## SOURCE MATERIAL
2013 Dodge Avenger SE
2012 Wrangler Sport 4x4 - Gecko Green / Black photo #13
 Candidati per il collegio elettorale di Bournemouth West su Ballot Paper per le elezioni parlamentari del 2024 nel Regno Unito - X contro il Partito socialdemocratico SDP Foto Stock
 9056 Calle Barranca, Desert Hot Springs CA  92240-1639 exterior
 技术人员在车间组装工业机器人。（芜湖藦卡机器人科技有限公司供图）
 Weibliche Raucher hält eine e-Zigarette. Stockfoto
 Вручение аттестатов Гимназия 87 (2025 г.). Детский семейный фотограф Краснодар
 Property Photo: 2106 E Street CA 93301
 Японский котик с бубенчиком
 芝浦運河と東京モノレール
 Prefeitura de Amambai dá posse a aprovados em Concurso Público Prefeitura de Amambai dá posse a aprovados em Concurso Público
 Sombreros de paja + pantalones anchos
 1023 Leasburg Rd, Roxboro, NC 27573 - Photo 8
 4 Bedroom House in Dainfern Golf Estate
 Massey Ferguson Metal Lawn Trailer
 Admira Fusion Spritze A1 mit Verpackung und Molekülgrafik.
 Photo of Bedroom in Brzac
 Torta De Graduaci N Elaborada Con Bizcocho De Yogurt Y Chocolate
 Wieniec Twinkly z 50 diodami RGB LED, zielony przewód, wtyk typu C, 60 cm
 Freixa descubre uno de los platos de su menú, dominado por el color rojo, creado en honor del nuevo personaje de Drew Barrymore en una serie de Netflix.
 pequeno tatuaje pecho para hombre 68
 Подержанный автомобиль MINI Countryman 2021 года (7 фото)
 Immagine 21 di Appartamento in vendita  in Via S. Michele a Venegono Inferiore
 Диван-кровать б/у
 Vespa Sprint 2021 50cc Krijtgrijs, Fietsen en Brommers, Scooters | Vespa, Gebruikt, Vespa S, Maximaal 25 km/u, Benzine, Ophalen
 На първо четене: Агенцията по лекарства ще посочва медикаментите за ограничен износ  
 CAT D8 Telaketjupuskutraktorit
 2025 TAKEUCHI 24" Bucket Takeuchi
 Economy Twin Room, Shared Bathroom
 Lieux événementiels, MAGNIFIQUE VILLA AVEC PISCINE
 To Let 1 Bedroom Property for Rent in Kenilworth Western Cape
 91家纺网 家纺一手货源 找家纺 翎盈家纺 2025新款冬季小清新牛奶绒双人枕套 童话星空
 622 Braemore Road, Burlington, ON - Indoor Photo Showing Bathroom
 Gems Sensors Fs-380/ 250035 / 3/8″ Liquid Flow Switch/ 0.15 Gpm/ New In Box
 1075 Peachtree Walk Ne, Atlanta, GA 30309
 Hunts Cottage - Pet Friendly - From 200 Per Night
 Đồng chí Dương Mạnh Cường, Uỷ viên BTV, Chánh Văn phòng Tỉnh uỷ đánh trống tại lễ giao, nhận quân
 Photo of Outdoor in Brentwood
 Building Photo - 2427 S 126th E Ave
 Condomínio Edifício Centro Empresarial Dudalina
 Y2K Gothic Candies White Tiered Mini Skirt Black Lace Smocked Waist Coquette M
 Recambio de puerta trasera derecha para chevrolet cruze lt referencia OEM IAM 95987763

## AIM OF THE EXERCISE
How many lines in the records contain the word "Black"? Reply with that number only.

## SOLUTION FOR THIS EXERCISE
2